WORK TO BE COMPLETED: Starting at the line with "Home&you podkładki dekoracyjne" and ending at the line with "Фотография покупателя товара", print exactly the lines of the entries below. Pictures do not belong in the copy.

[THE RECORDS Boundary: Start]

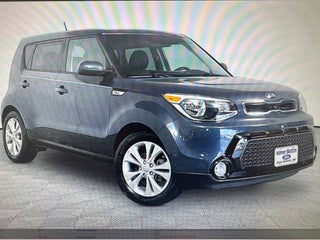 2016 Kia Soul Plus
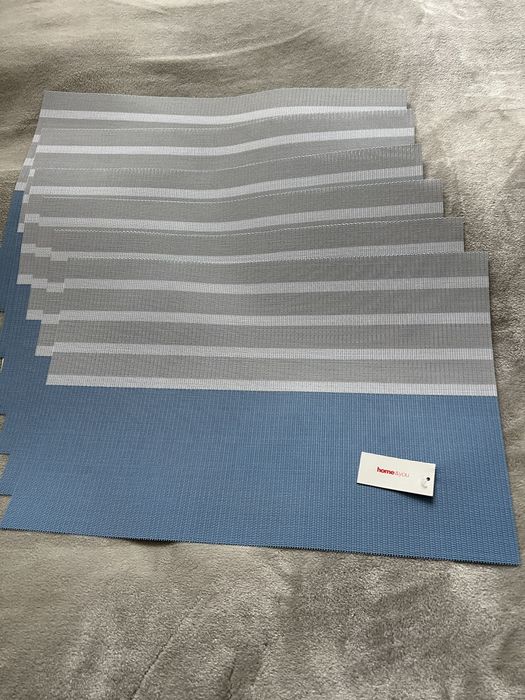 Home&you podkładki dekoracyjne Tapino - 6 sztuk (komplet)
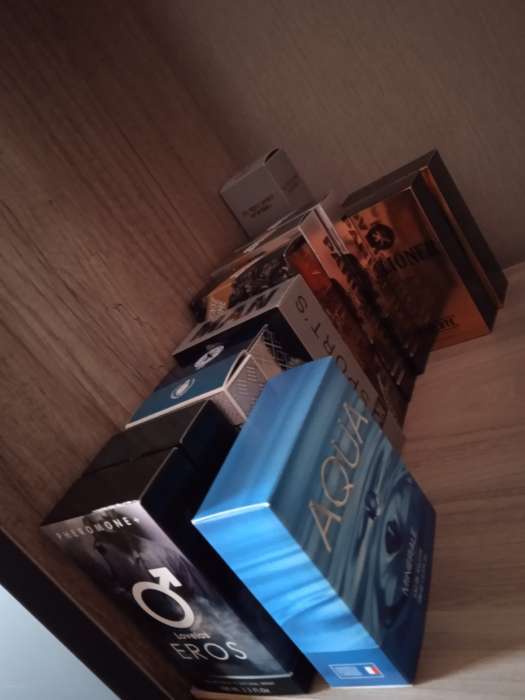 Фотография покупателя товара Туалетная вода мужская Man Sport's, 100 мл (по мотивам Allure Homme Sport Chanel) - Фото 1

[THE RECORDS Boundary: End]
[THE RECORDS Boundary: Start]

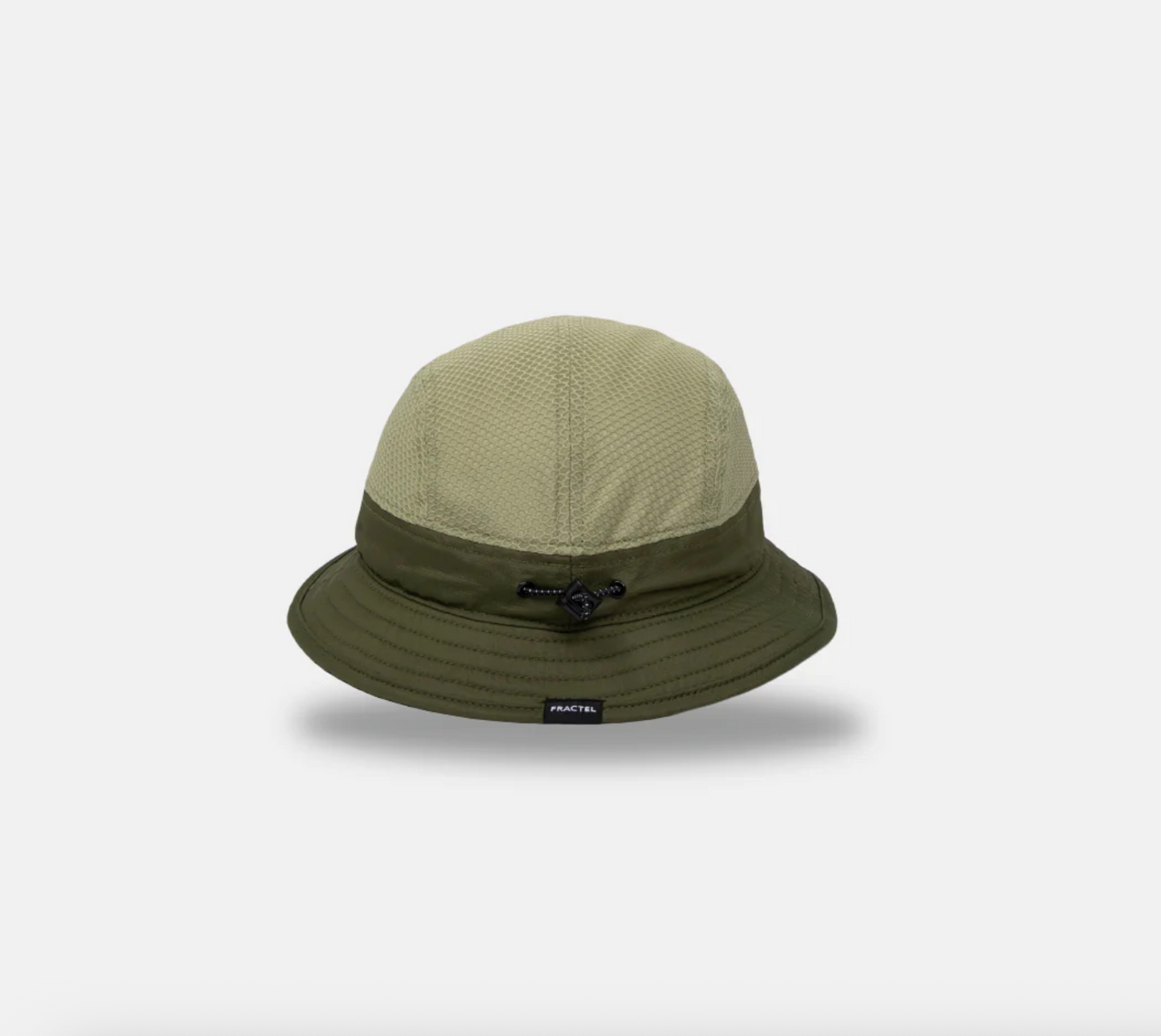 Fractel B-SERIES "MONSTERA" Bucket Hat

[THE RECORDS Boundary: End]
[THE RECORDS Boundary: Start]

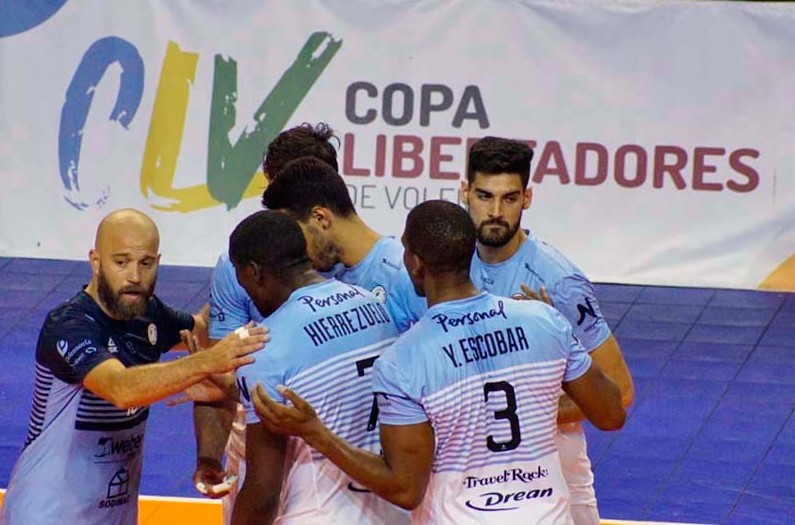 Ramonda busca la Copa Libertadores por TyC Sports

[THE RECORDS Boundary: End]

THE ANSWER:
 Home&you podkładki dekoracyjne Tapino - 6 sztuk (komplet)
 Фотография покупателя товара Туалетная вода мужская Man Sport's, 100 мл (по мотивам Allure Homme Sport Chanel) - Фото 1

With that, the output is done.